I’m safely home - it was an interesting journey. Priority was given, rightly, to getting relief supplies to the earthquake area; I’m not so sure that the international media, having taken their disaster photos, should have been able to barge their way into flights home. But I’m back.
And before I came back? I made it to Bardia - a national park in the south-west. It’s hard to reach, and so far away from the main tourist trail. Animals are less disrupted by the army of jeeps that career around Chitwan. It’s easier to see tigers …
These footprints were made by a tiger about an hour before we passed on the jeep. Shall we follow on foot? Let’s not. I’ve been too close to a tiger before and it’s an excitement I don’t need to repeat. Though we did see fairly fresh tiger poo further down the path, so the chances are he’d eaten and might not be looking for another dinner quite yet.
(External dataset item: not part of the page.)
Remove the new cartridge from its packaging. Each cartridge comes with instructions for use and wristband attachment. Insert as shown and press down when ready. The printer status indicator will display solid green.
Sorry, no photo of tiger poo. The things you can learn from poo! Rhinos stand still to poo while elephants can do it while they trundle along the path. And langur monkeys (like howler monkeys) think it’s funny to pee on tourists who stop under their tree to take photos. (You will understand why I didn’t hang about with my camera.) Eagles, however, are more interested in searching for unsuspecting rodents.
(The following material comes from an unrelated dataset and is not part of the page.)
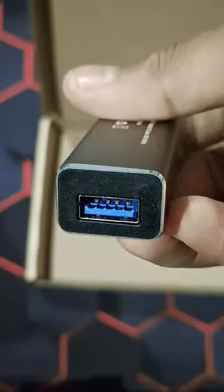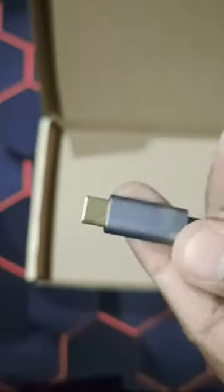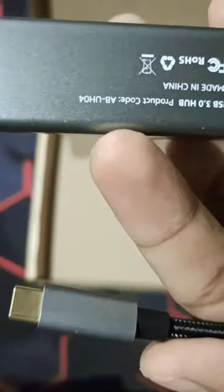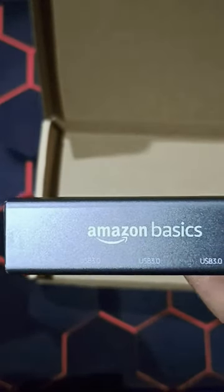You can see it has nine pins and all four ports are USB 3.0. Here we have Type-C, so it's a Type-C to four-port USB 3 hub. It's an Amazon Basics device and you can see the branding. Hope you like it.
For me, the quiet of Bardia was the point. We stopped for lunch with a view over a blue river, wending its warm way along a sandy valley. No river dolphins, no rhinos coming to drink. Just the heat and the dust and the chirrup of crickets. After lunch we paused by countless watering holes like this - some of my fellow travellers on the jeep were disappointed there were no animals coming to drink, only that wet woodland smell with a hint of animal. But frogs leapt about in the shallows, and the reflections clear and glittering.
I could have lingered, but with 30 day visa my time was almost up. Back in Kathmandu I had one day to potter about before coming home.
Kathmandu was devastated by the earthquake in 2015. The city itself appears to have recovered: markets are thriving, streets are clogged with motorbikes, festivals (Dashain and now Diwali) are celebrated with as much joy as ever. But looking closely … not all the temples in Durbur Square are fully restored. There are still heaps of rubble and buildings hidden behind scaffolding. And, in the corners where people are living, some buildings have been beautifully restored and look down on grateful shrines, while the homes next door are still leaning on props to stop the building collapsing.
And so I’m home. I have clean water and predictable traffic and shops full of Christmas razzmatazz. Back in Nepal they are lighting candles for Diwali. It will take me a day or few to relocate myself.